Metadata-Version: 2.1
Name: ssc_codegen
Version: 0.2.2
Summary: generate selector schemas classes from dsl-like language based on python
License: MIT
Author: vypivshiy
Requires-Python: >=3.10,<4.0
Classifier: Development Status :: 3 - Alpha
Classifier: License :: OSI Approved :: MIT License
Classifier: Programming Language :: Python
Classifier: Programming Language :: Python :: 3
Classifier: Programming Language :: Python :: 3.10
Classifier: Programming Language :: Python :: 3.11
Classifier: Programming Language :: Python :: 3.12
Classifier: Programming Language :: Python :: Implementation :: CPython
Classifier: Topic :: Internet
Classifier: Topic :: Software Development :: Libraries :: Python Modules
Classifier: Topic :: Text Processing
Requires-Dist: Jinja2 (>=3.1.2,<4.0.0)
Requires-Dist: PyYAML (>=6.0.1,<7.0.0)
Requires-Dist: cssselect (>=1.2.0,<2.0.0)
Requires-Dist: lxml (>=4.9.3,<5.0.0)
Description-Content-Type: text/markdown

# Selector schema codegen

ssc_codegen - generator of parsers for various programming languages (for html priority) using
python-DSL configurations with built-in declarative language.

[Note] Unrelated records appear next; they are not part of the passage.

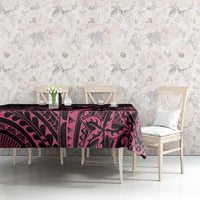 Pink Black Polynesia Floral Sea Turtle Tablecloth - Polynesian Pride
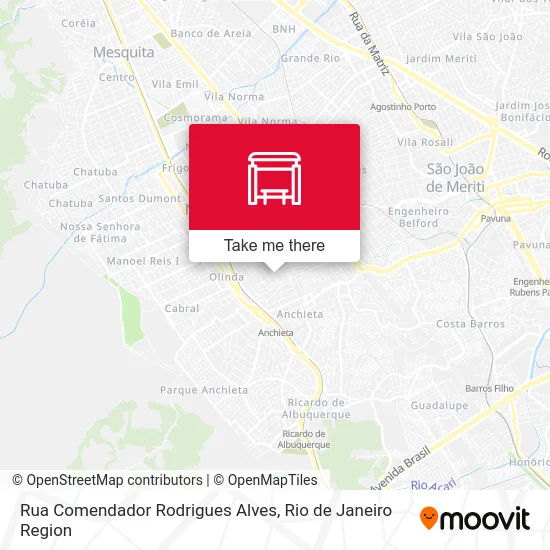 Rua Comendador Rodrigues Alves map
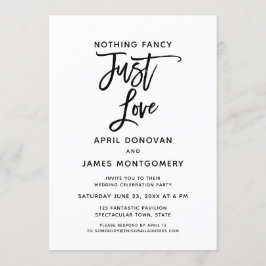 Invitación Nada Fancy Ama La Tipografía De Cepillos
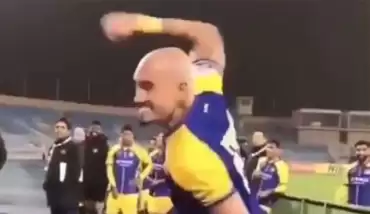 Maicon Arabistan'da da üçlü çektirdi!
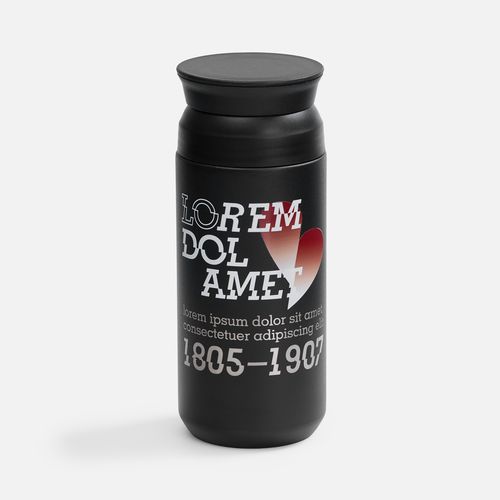 Термостакан Bau с ситечком, черный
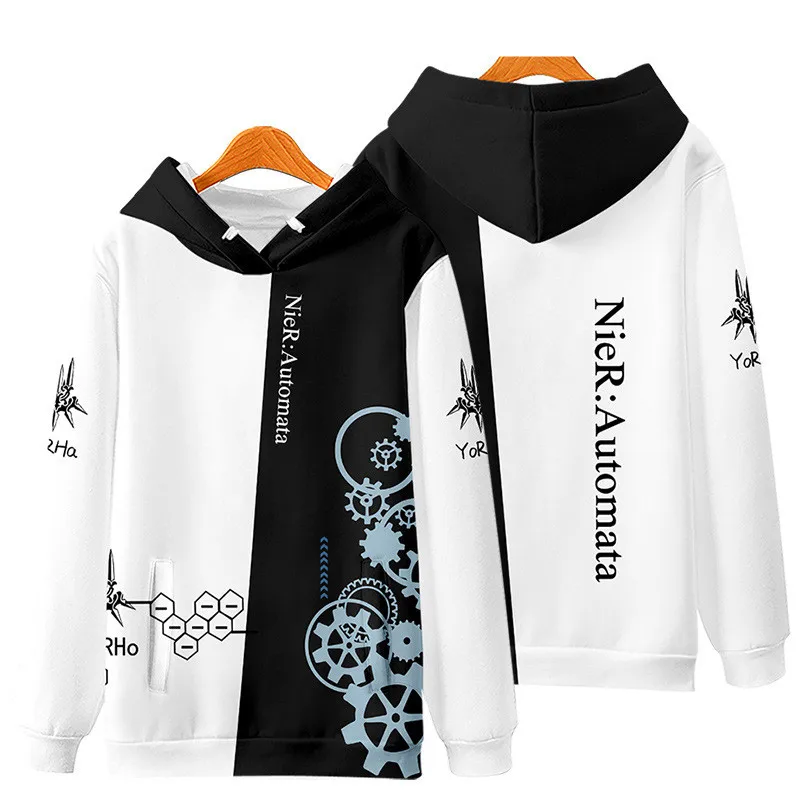 Game NieR:Automata 3D Printing Men/Women Fashion Harajuku Hoodies Sweatshirt Long Sleeve Pullover / T-Shirt/Pants/Shorts/Kimono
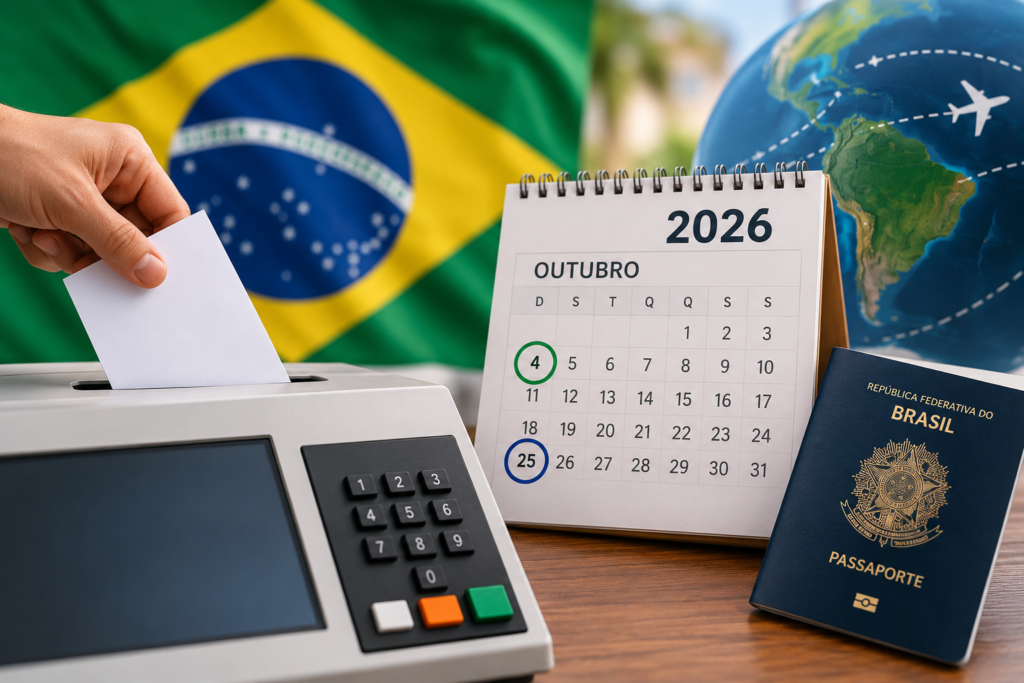 Mora nos EUA? Veja onde votar nas Eleições 2026, quais documentos levar, datas, horário e o que conferir antes de sair de casa.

Designed to port parsers to various programming languages and libs

# Motivation
- ~~interesting in practice write DSL-like language~~
- decrease boilerplate code for web-parsers
- write once - convert to other mainstream http parser libs
- minimal operations for easy add another libs and languages in future
  - include css, xpath, attributes operations, regex, minimal string formatting operations
- pre validate css/xpath queries and logic before generate code
- standardisation: generate classes with minimal dependencies and documented parsed signature 

## Install

### pipx (recommended for CLI usage)

```shell
pipx install ssc_codegen
```

### pip

```shell
pip install ssc_codegen
```

## Supported libs and languages

| language | lib                                                          | xpath | css | formatter   |
|----------|--------------------------------------------------------------|-------|-----|-------------|
| python   | bs4                                                          | NO    | YES | black       |
| -        | parsel                                                       | YES   | YES | -           |
| -        | selectolax (modest)                                          | NO    | YES | -           |
| -        | scrapy (based on parsel, but class init argument - Response) | YES   | YES | -           |
| dart     | universal_html                                               | NO    | YES | dart format |

### Quickstart

see [example](example) and read code with comments

### Recommendations

- usage css selector: they can be **guaranteed** converted to xpath (if target language not support CSS selectors)
- usage simple operations for more compatibility other libraries. 
  - Some libraries may not fully support selector specifications
  - for example, `#product_description+ p` selector in `parsel` works fine, but not works in `selectolax`, `dart` libs
- there is a xpath to css converter for simple queries **without guarantees of functionality**. 
For example, in css there is no analogue of `contains` from xpath, etc.